Home Office begins 12-month trial electronically tagging Channel migrants

Home Office begins 12-month trial electronically tagging Channel migrants

Some people arriving in the UK via small boats or the back of lorries will be electronically tagged as part of a Home Office trial programme.

The department said the 12-month pilot, which began on Wednesday, will test whether electronic monitoring is an effective way to give immigration bail to those who arrive in the country using “unnecessary and dangerous” routes.

It comes after a ruling by the European Court of Human Rights (ECHR) on Tuesday prevented the first flight from leaving under the Government’s new policy of deporting asylum seekers to Rwanda.

Boris Johnson defended the tagging plan, saying it was essential people who arrived illegally were not simply able to disappear into the rest of the country.

Speaking to reporters at RAF Brize Norton after returning from Ukraine, the Prime Minister said: “This is a very, very generous welcoming country. But when people come here illegally, when they break the law, it is important that we make that distinction.

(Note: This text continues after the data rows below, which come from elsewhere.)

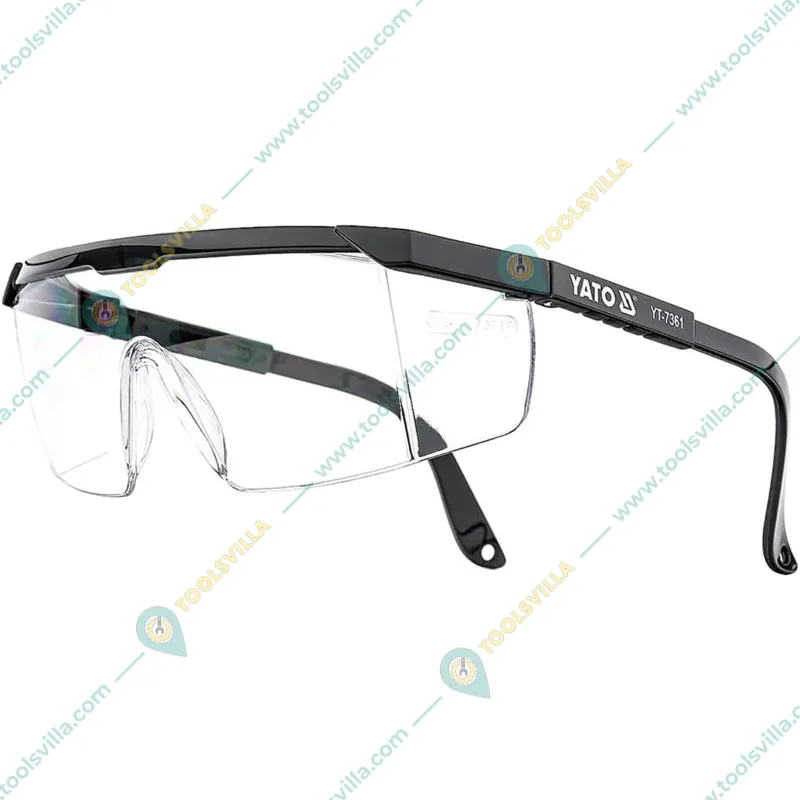 YATO (YT-7361) Pack of 5 Safety Goggles - Clear, ‎Polycarbonate, ‎Anti Fog For Safety Purposes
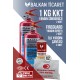 1 Kg Araç Yangın Tüpü 2 Adet - Sprey ve İlk Yardım Setli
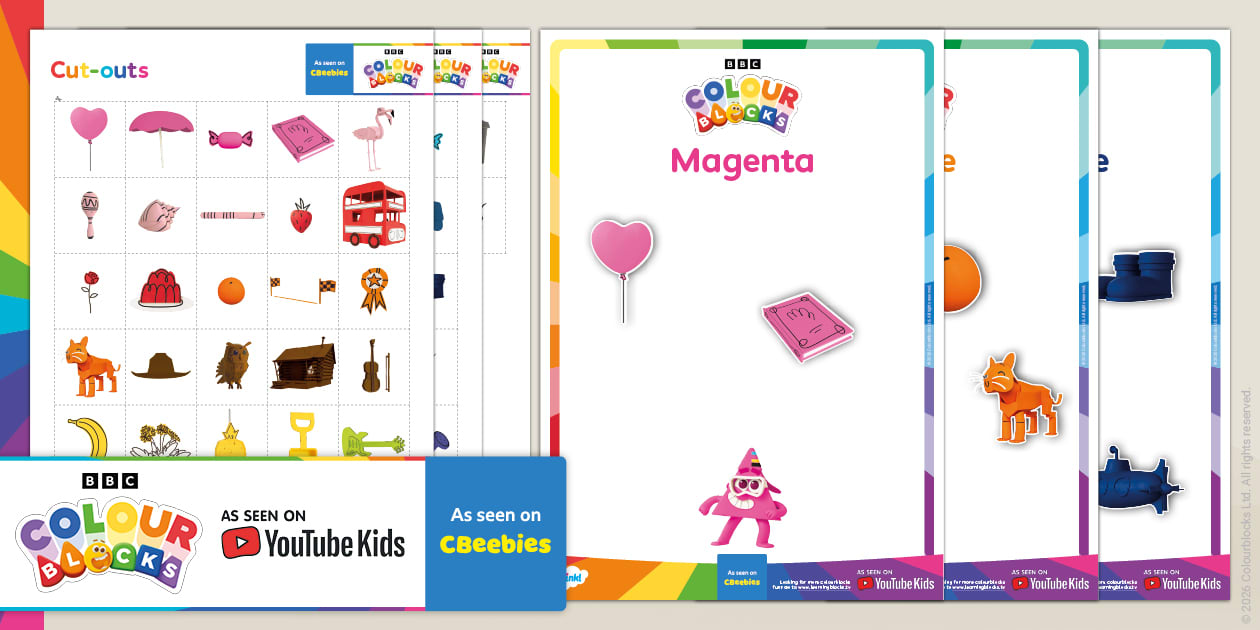 Learning Resources Colorblock Colourblocks: Sorting Activity | Twinkl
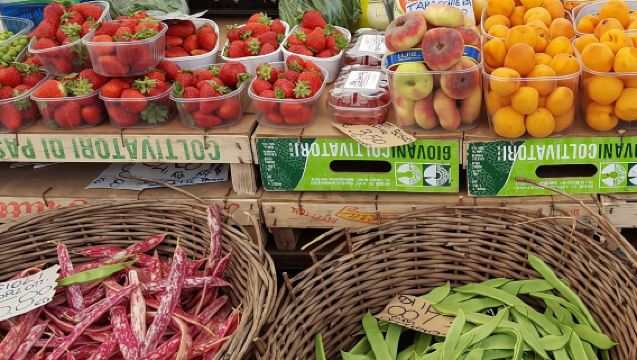 Farmers Market Shopping and Roman Full Course Class - SHARED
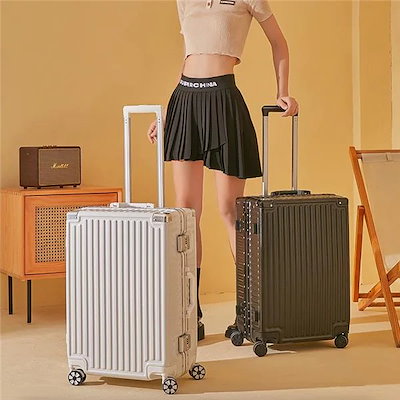 Qoo10] スーツケース機内持ち込み軽量アルミフレー : バッグ・雑貨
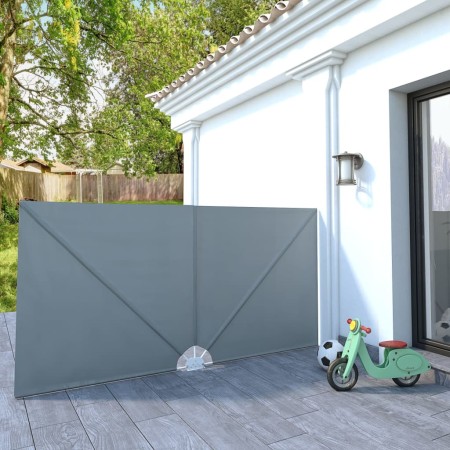 Toldo lateral plegable terraza gris 300x150 cm en Sombrillas | Comprar online en Foru.es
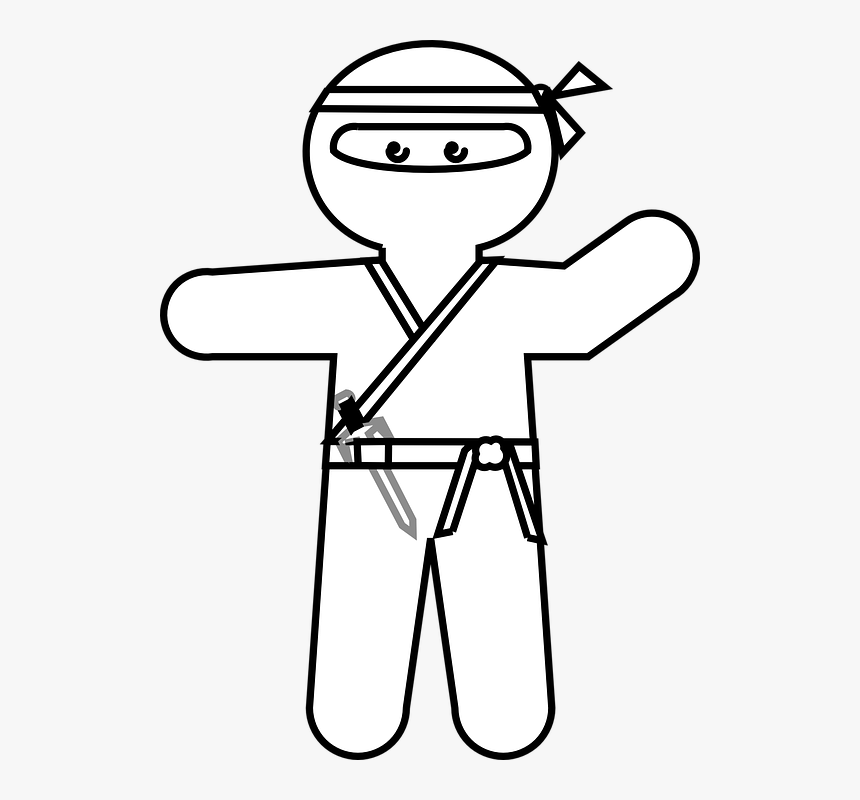 Ninja Clipart Black And White, HD Png Download, Free Download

“That is what we are doing with our Rwanda policy. That is what we are doing with making sure that asylum seekers can’t just vanish into the rest of the country.”

However, Labour leader Sir Keir Starmer, campaigning in the Wakefield by-election, accused the Government of “chasing headlines”, saying it would do nothing to halt the activities of the people trafficking gangs.

“What I want is a serious response because nobody wants these journeys across the Channel to be made, these perilous journeys,” he said.

“Everybody want to clamp down on the gangs. That requires grown-up work with the French authorities and upstream work to actually tackle these gangs.”

The BBC reported the first to be tagged under the bail programme were likely to be those who had avoided being removed to Rwanda.

The Home Office said the trial will test whether tagging aids regular contact with those given bail and progresses their claims more effectively.

Those tagged will have to regularly report in person to authorities, may be subject to a curfew or excluded from certain locations, and failure to comply could see them returned to detention or prosecuted.

It comes after new figures revealed the number of people crossing the Channel to reach Britain this year has passed 11,000.

Analysis of Ministry of Defence data by the PA news agency shows 11,322 people have been brought to shore by Border Force or the RNLI after being rescued from small boats in the Channel, the world’s busiest shipping lane.

On Friday, 230 people on five small boats were brought to Britain.

The daily number has been decreasing steadily throughout the week after a high of 444 on Tuesday. That was the highest number since 654 on April 13.

POLITICS Rwanda
(PA Graphics)

Warm weather and calm seas this week may have encouraged an increase in attempted crossings.

With 13 days of June left to go the number of people crossing the Channel is almost double this time last year.

By the end of June 2021, 5,911 people had made the crossing so far that year.

PA analysis shows 346 boats have been used in Channel crossings so far this year, with an average of 33 people on board each one.